Design a Distributed Key-Value Store hard
The prompt
Build a get(key) / put(key, value) store that scales to far more data than one machine holds, stays available when machines fail, and survives the network splitting. This is the “design Dynamo/Cassandra” question — it forces every distributed-systems concept from the scaling page into one design.
Requirements
- Functional:
get(key),put(key, value). That’s the whole API — simplicity is the point. - Non-functional: horizontally scalable (add nodes for more capacity), highly available (a node failure isn’t an outage), fault-tolerant (survives partitions), tunable consistency (let the caller choose strong-ish vs fast).
Estimation
Designed for the “doesn’t fit / outgrows one box” regime: terabytes-to-petabytes of data, hundreds of thousands of ops/sec, spread across a large cluster. The whole design assumes no single machine is special — there’s no primary.

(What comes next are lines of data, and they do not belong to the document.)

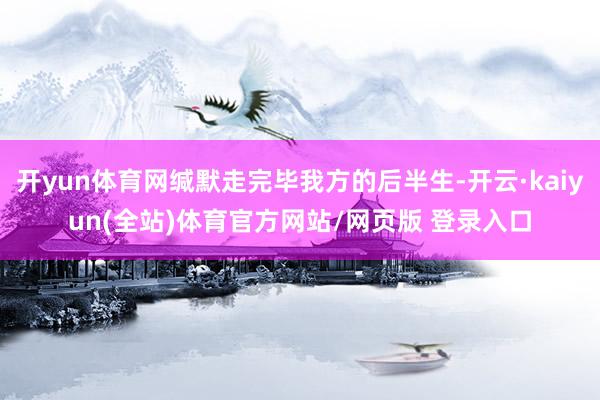 开yun体育网缄默走完毕我方的后半生-开云·kaiyun(全站)体育官方网站/网页版 登录入口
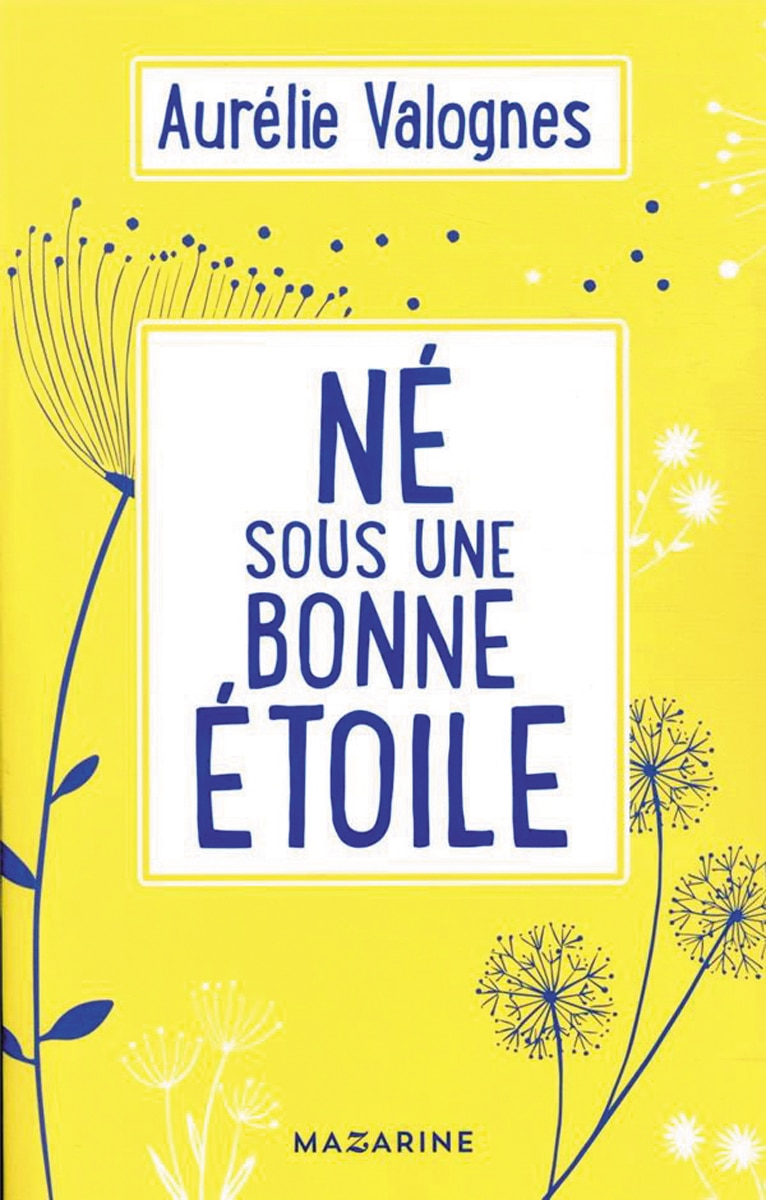 Ne sous une bonne etoile 1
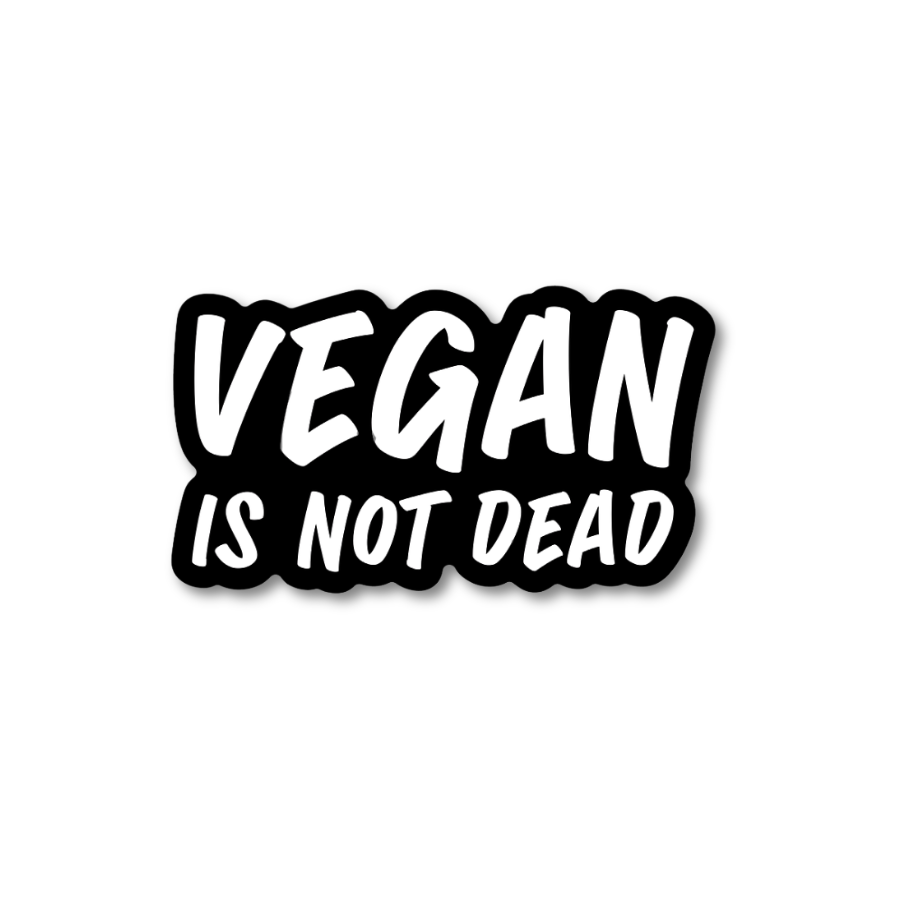 Vegan Is Not Dead Sticker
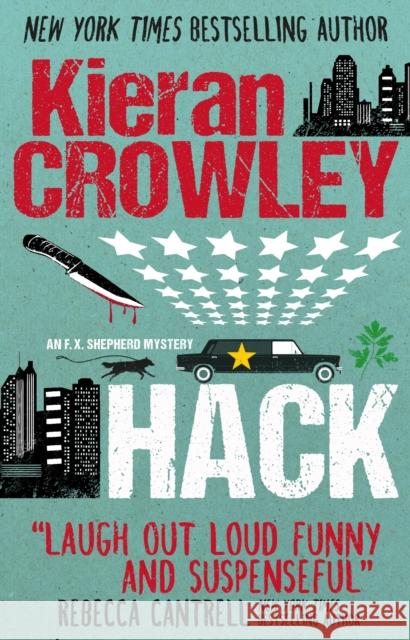 Hack: A F.X. Shepherd Novel Kieran Crowley 9781783296491 Titan Books (UK)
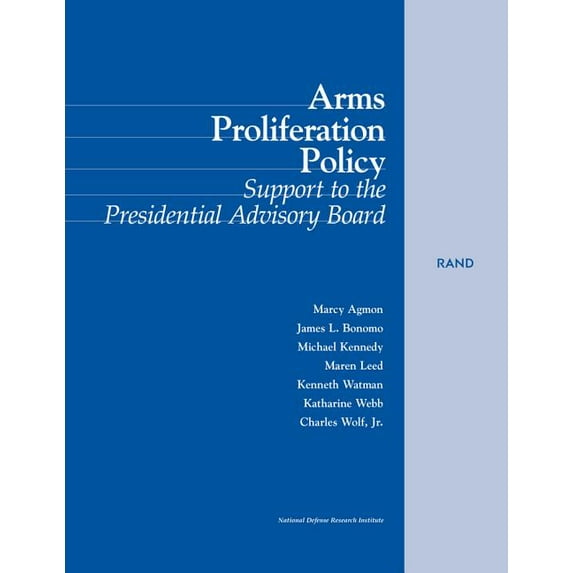 Arms Proliferation Policy : Support to the Presidential Advisory Board (Paperback)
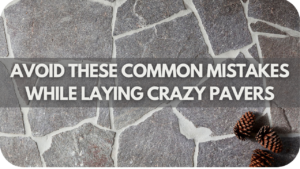 Avoid These Common Mistakes While Laying Crazy Pavers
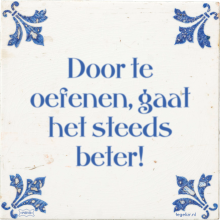 Door te oefenen, gaat het steeds beter! - 10 keer bekeken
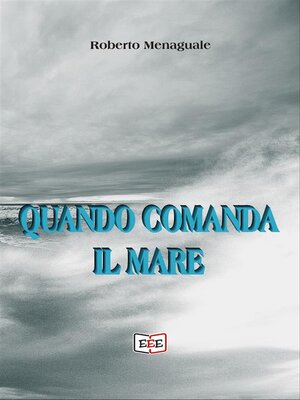 cover image of Quando comanda il mare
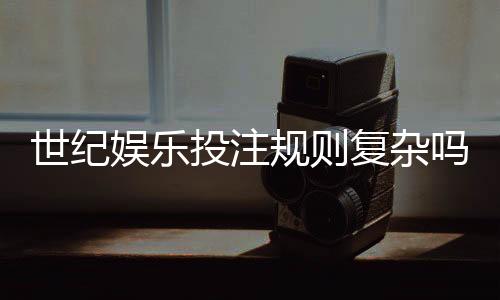 世纪娱乐投注规则复杂吗?资深玩家解析5分钟快速上手技巧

Core idea 1 — partition with consistent hashing
To spread keys across nodes and rebalance gracefully when nodes join/leave, place nodes and keys on a hash ring. A key is owned by the first node clockwise. Adding or removing a node only moves the keys in that one arc (~1/N), not the whole dataset.
Core idea 2 — replication
Each key is stored on N nodes (e.g. N=3): its owner plus the next N-1 nodes clockwise. This gives durability (lose a node, the data lives on two others) and availability (reads/writes can go to any replica).
Core idea 3 — quorum for tunable consistency
With N replicas, let the caller tune consistency via two knobs:
- W = how many replicas must acknowledge a write before it’s “successful.”

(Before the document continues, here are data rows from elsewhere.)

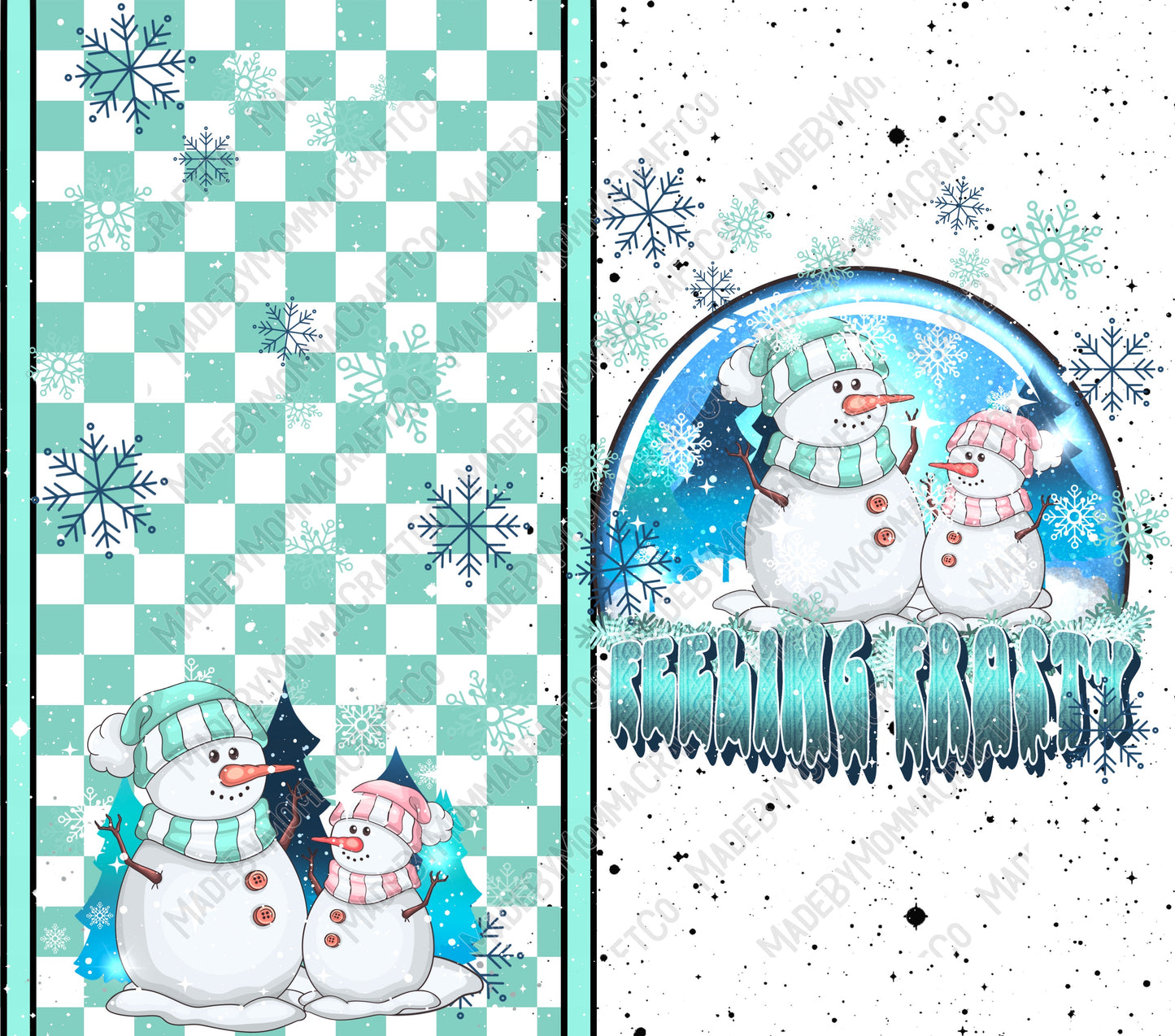 Feeling Frosty - Sublimation or Waterslide Wrap - 20oz and 30oz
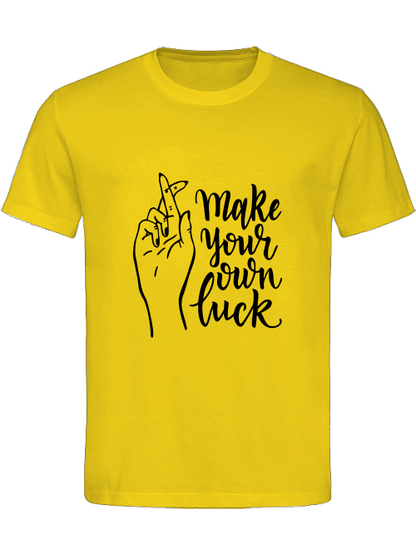 Classic Unisex T-Shirt "Make Your Own Luck"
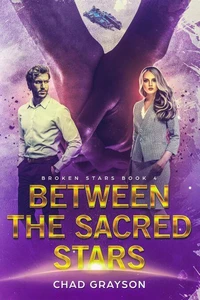 Between the Sacred Stars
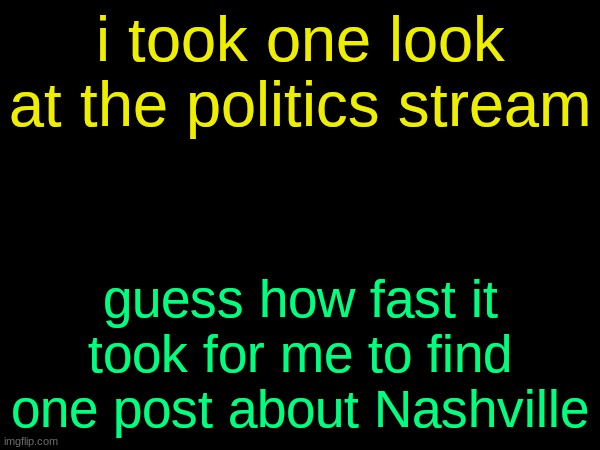 drizzy text temp | i took one look at the politics stream; guess how fast it took for me to find one post about Nashville | image tagged in drizzy text temp | made w/ Imgflip meme maker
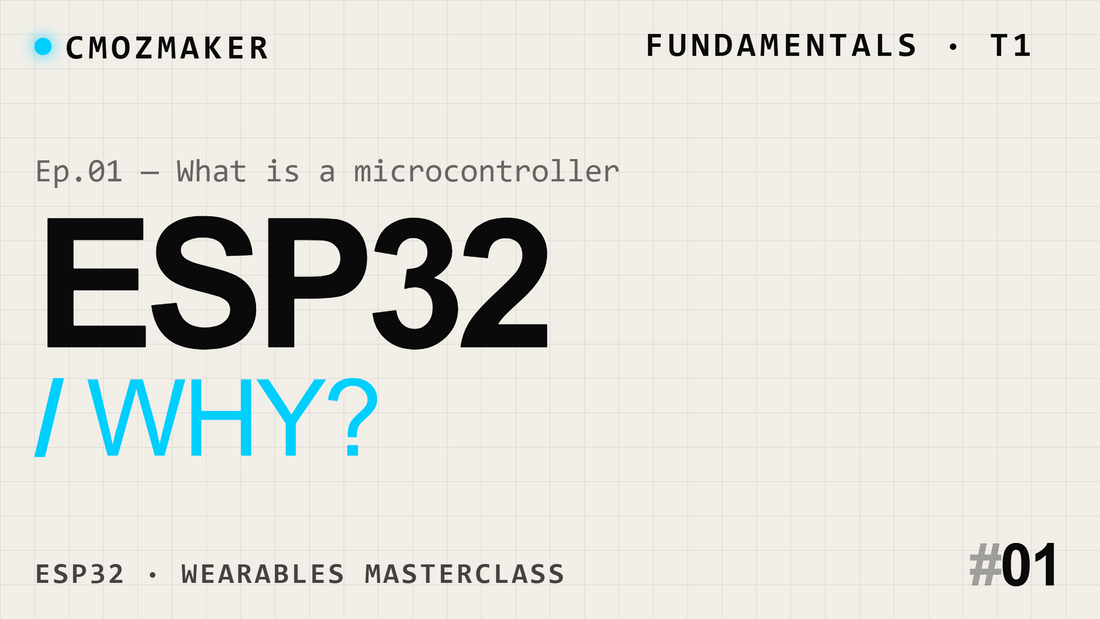 I Built the ESP32 Course I Wish I'd Had — 22 Episodes on Wearable Electronics & Fashion Tech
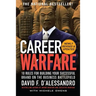 Career Warfare: 10 Rules for Building a Sucessful Personal Brand on the Business Battlefield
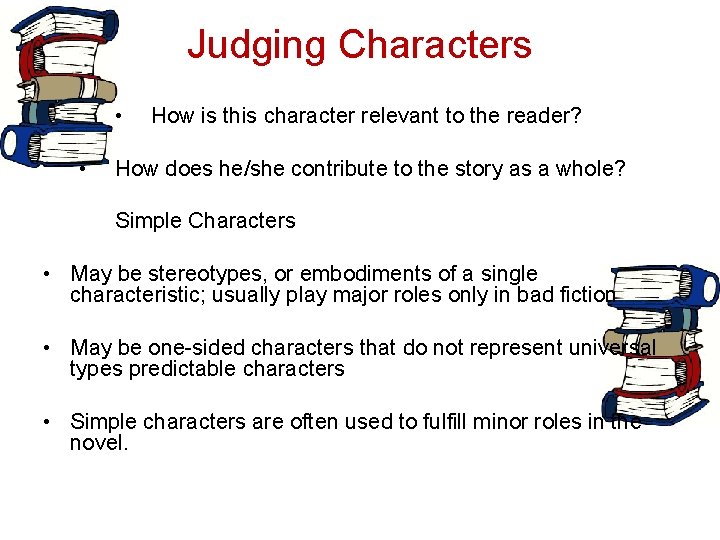 Judging Characters • • How is this character relevant to the reader? How does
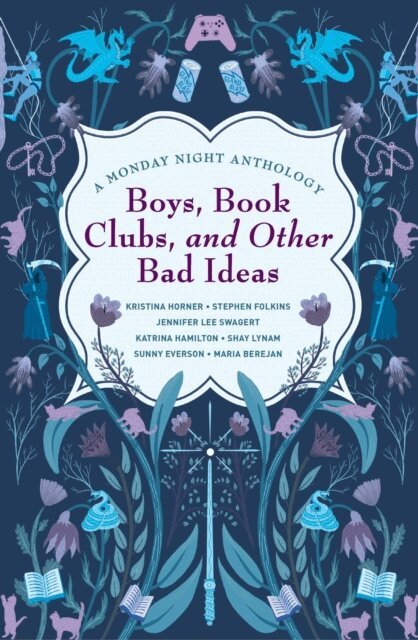 Maria Berejan, Sunny Everson, Shay Lynam, Katrina Hamilton, Jennifer Lee Swagert, Stephen Folkins, Kristina Horner - Boys, Book Clubs, and Other Bad Ideas: A Monday Night Anthology, E-bok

- R = how many replicas must respond to a read.
The quorum rule: if W + R > N, reads and writes overlap on at least one node, so a read is guaranteed to see the latest write — strong consistency. Tune the knobs to the workload:
W=N, R=1→ fast reads, slow/strict writes (read-heavy, must-be-fresh reads).W=1, R=N→ fast writes, slow reads.W + R ≤ N→ no overlap guarantee → faster, but eventually consistent (you might read stale data).
This single inequality is the thing to know for this question — it turns “consistency” from a yes/no into a dial the caller controls per operation.
High-level design
Deep dives
- CAP choice: a Dynamo-style store is typically AP — it stays available during a partition and resolves conflicts later (eventual consistency). With high W+R you can lean toward CP. This is the CAP theorem made concrete: the W/R knobs are the C-vs-A dial.
- Conflict resolution: when replicas disagree (concurrent writes during a partition), use vector clocks to detect causality, and resolve by “last-write-wins” or by handing both versions to the application to merge.
- Failure detection & healing: nodes gossip health to each other; a temporarily-down replica’s writes are held by a healthy node (hinted handoff) and replayed when it returns; background anti-entropy (Merkle-tree comparison) repairs drifted replicas.
- Virtual nodes: give each physical node many ring positions so load and the rebalancing burden spread evenly when nodes change.
Analysis
- Scalability: linear — add nodes, the ring absorbs them, capacity and throughput grow.
- Availability: survives node and (with AP tuning) partition failures.
- Consistency: tunable per-operation via W and R.
Same skin
- Cassandra, DynamoDB, Riak, Voldemort — all real instances of this exact design.
- Distributed caches (a cache is a KV store with eviction) use the same consistent-hashing ring.
- Consistent hashing and the CAP theorem from the scaling page are the load-bearing ideas here — this problem is where they come together.